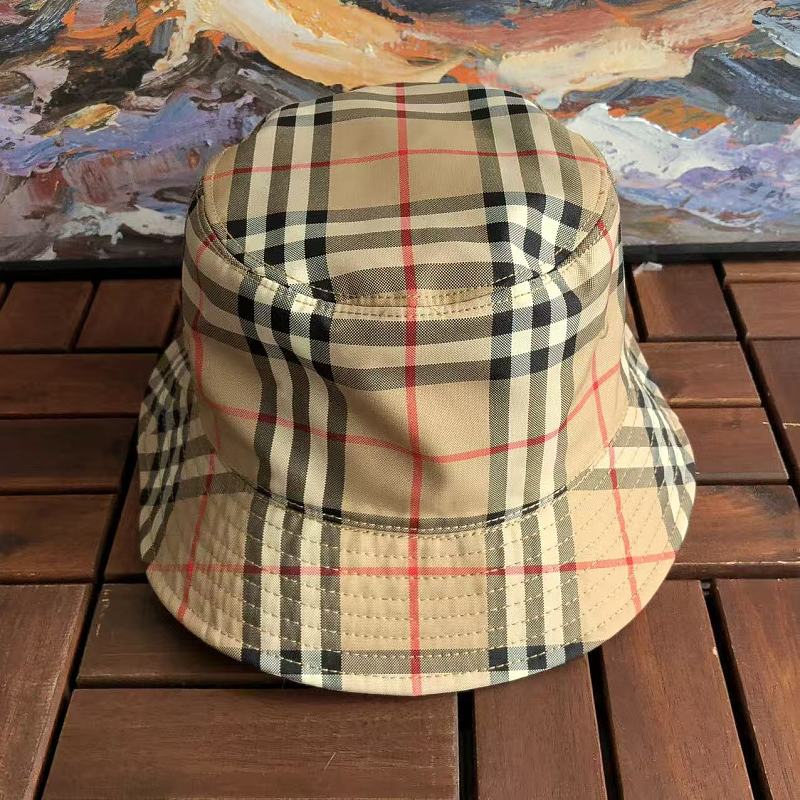 BURBERRY CAP 66051947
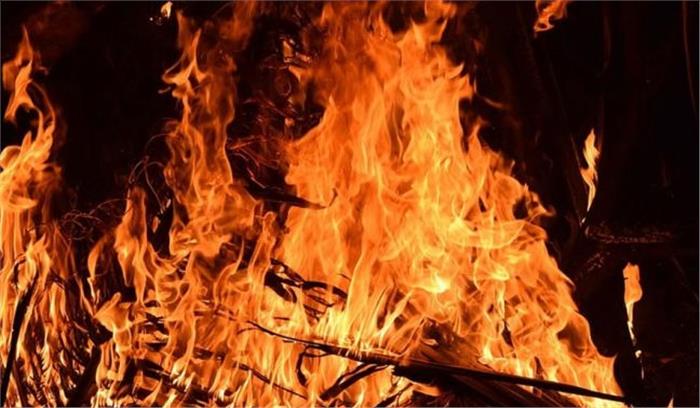 भोपाल में कपडा दुकान में अचानक लगी आग,  सामान जलकर नष्ट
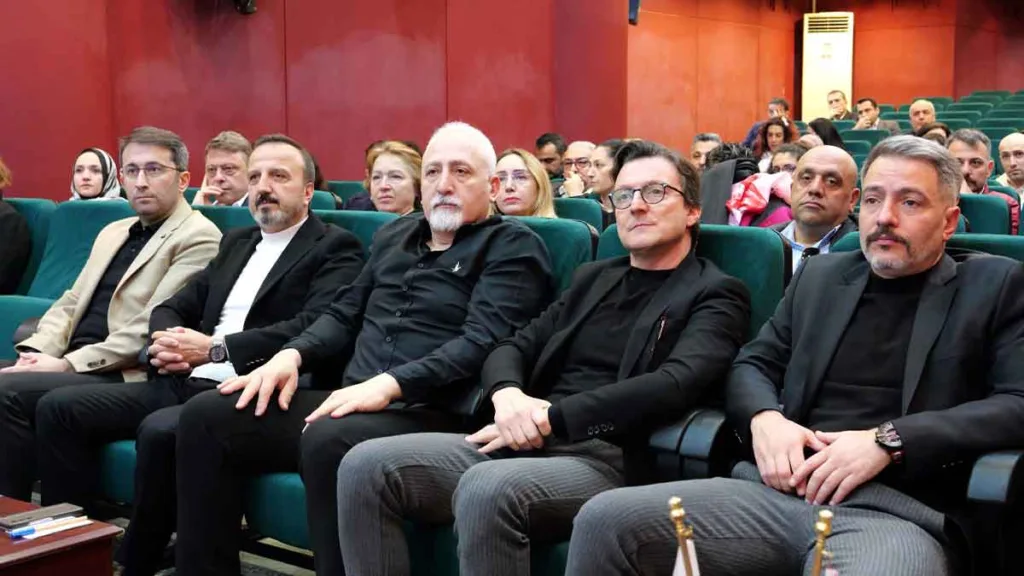 Trabzon'da düzenlenen sağlık turizmi eğitim programına katılan sağlık kuruluşları ve yetkililer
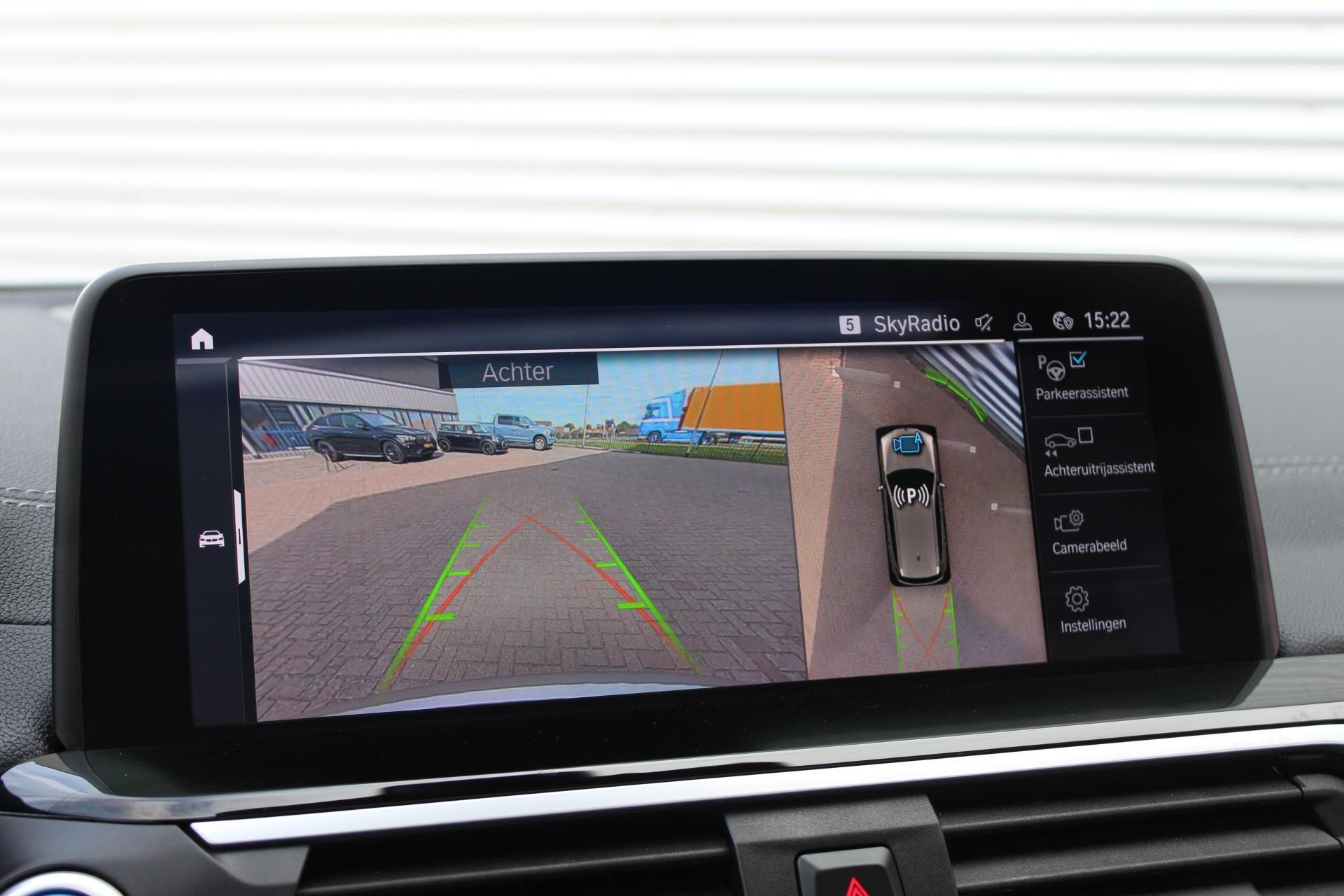 Hoofdafbeelding BMW iX3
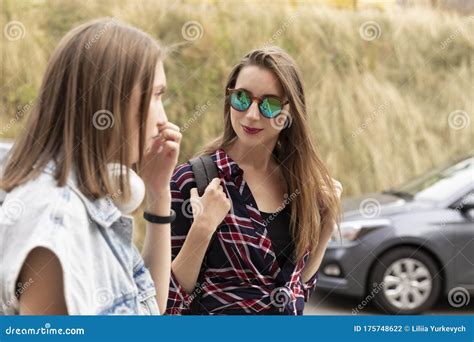 Zwei Junge Mädchen Sprechen Den Arm Und Haben Spaß Auf Dem Heimweg Stockfoto Bild Von
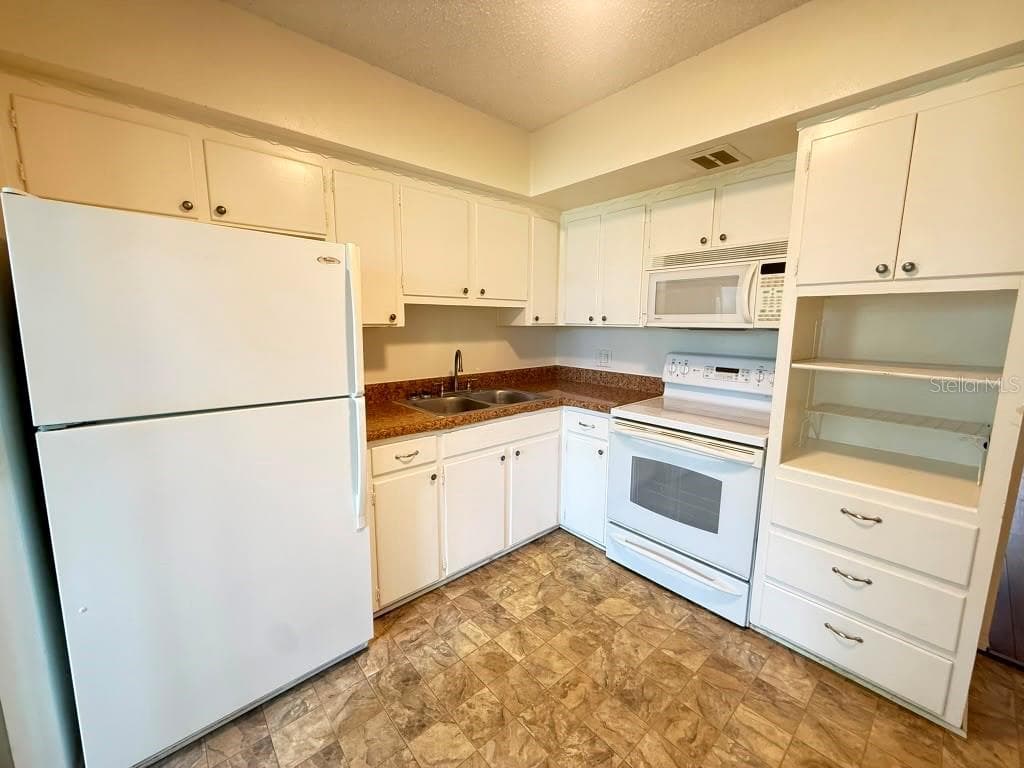 4032 57TH STREET — photo 13 of 16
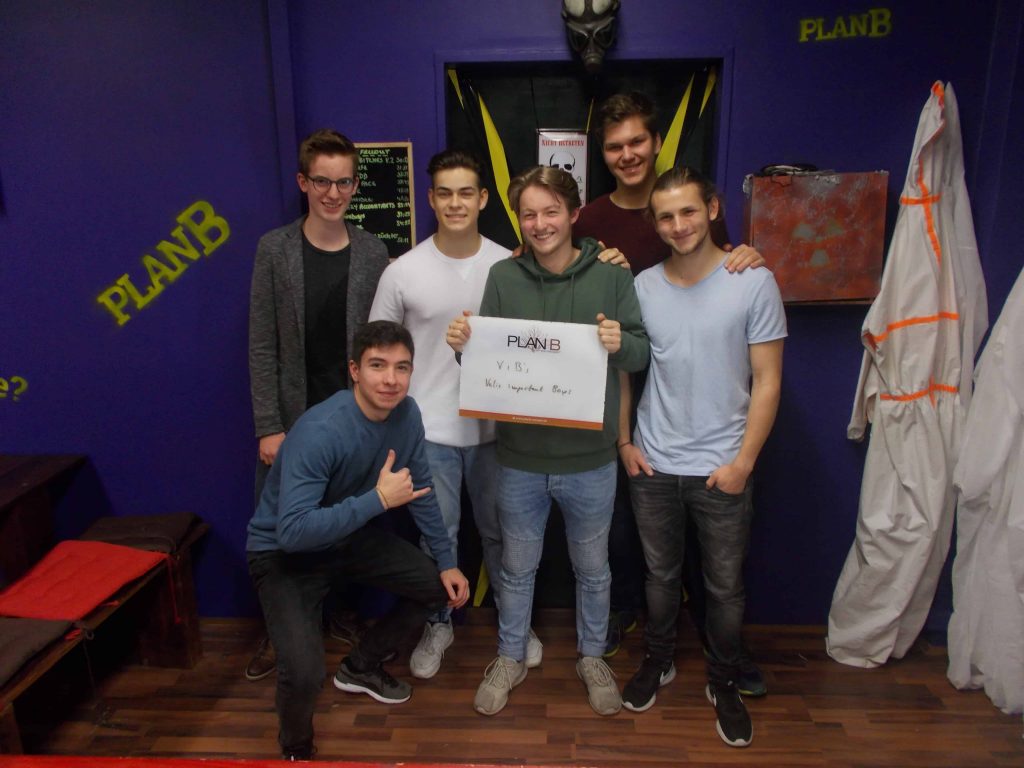 Group pictures KW 47 - 23 Group pictures KW 47 - 23 | PlanB Escape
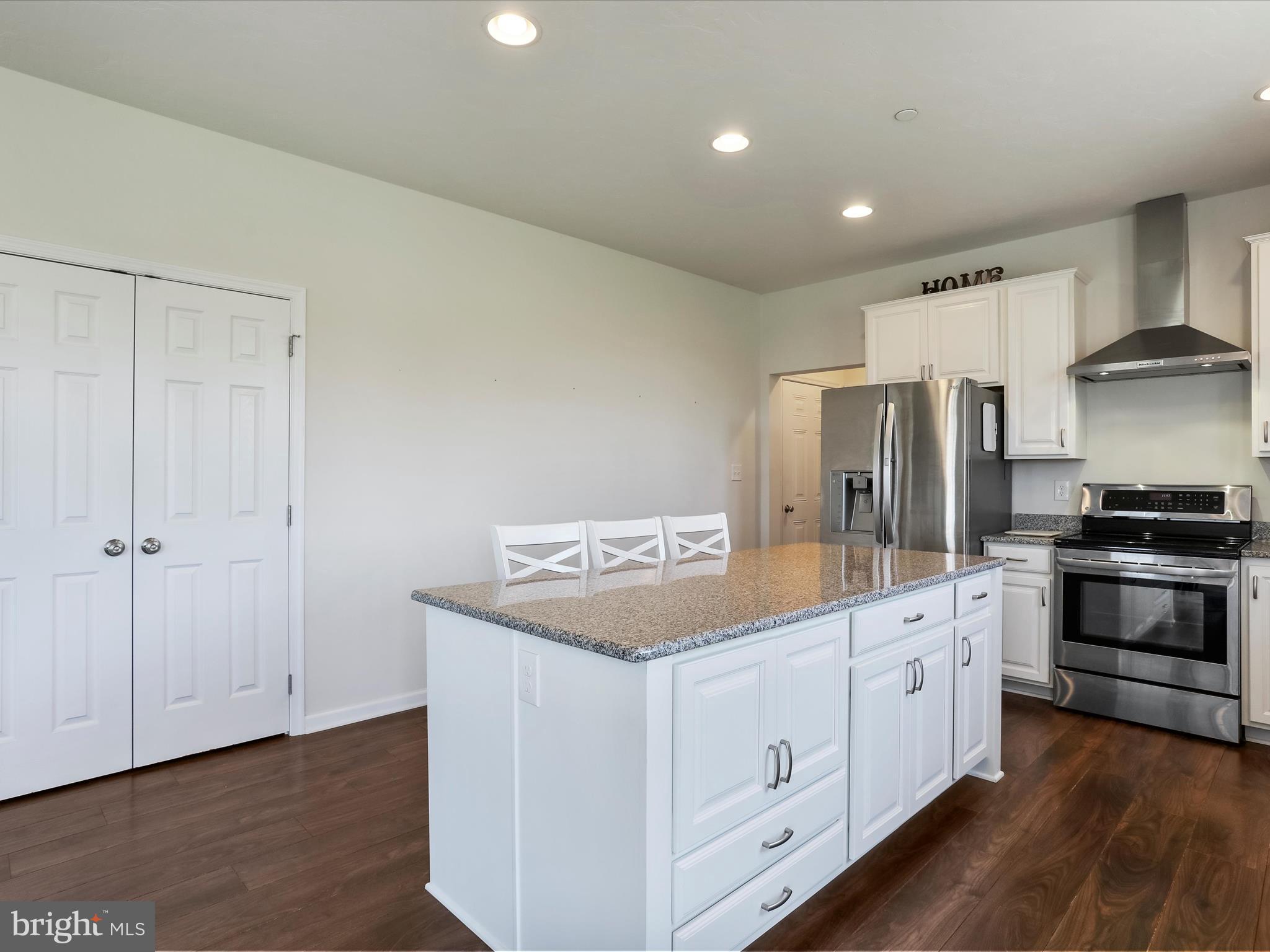 FOX RUN TERRACE - Residential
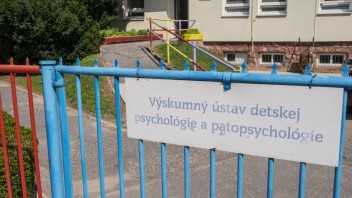Ministerka zasiahla do sporu, šéf ústavu detskej psychológie končí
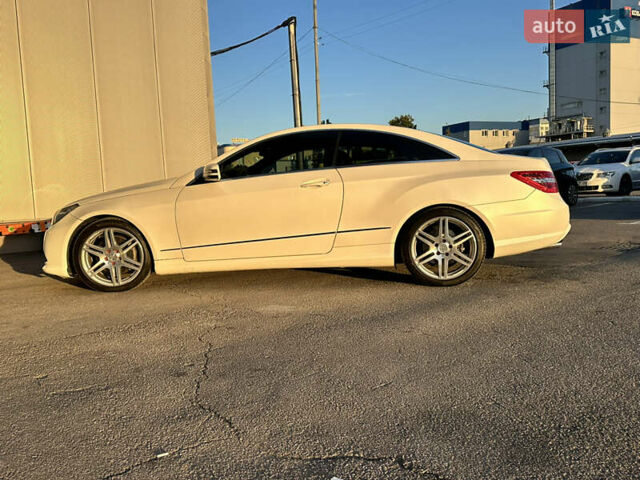 Белый Мерседес Е-Класс, объемом двигателя 1.8 л и пробегом 115 тыс. км за 15000 $, фото 4 на Automoto.ua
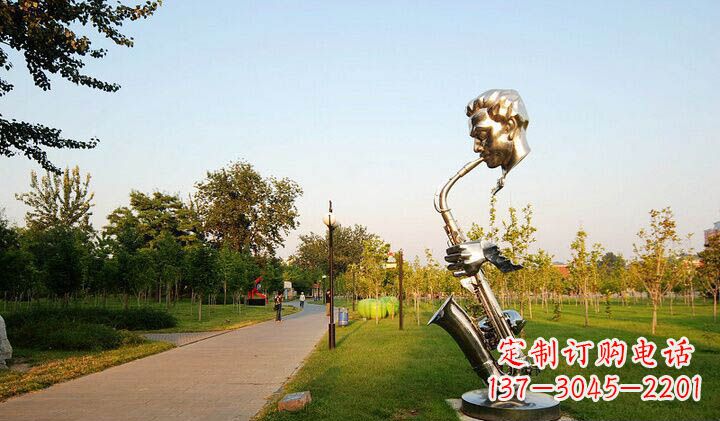 南阳公园不锈钢抽象吹萨克斯雕塑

++++++++

## What you should do
Go to the line above that contains "Trabzon'da düzenlenen sağlık" and reproduce everything exactly from there through the line that contains "FOX RUN TERRACE - Residential", leaving out the pictures.

## Expected answer
 Trabzon'da düzenlenen sağlık turizmi eğitim programına katılan sağlık kuruluşları ve yetkililer
 Hoofdafbeelding BMW iX3
 Zwei Junge Mädchen Sprechen Den Arm Und Haben Spaß Auf Dem Heimweg Stockfoto Bild Von
 4032 57TH STREET — photo 13 of 16
 Group pictures KW 47 - 23 Group pictures KW 47 - 23 | PlanB Escape
 FOX RUN TERRACE - Residential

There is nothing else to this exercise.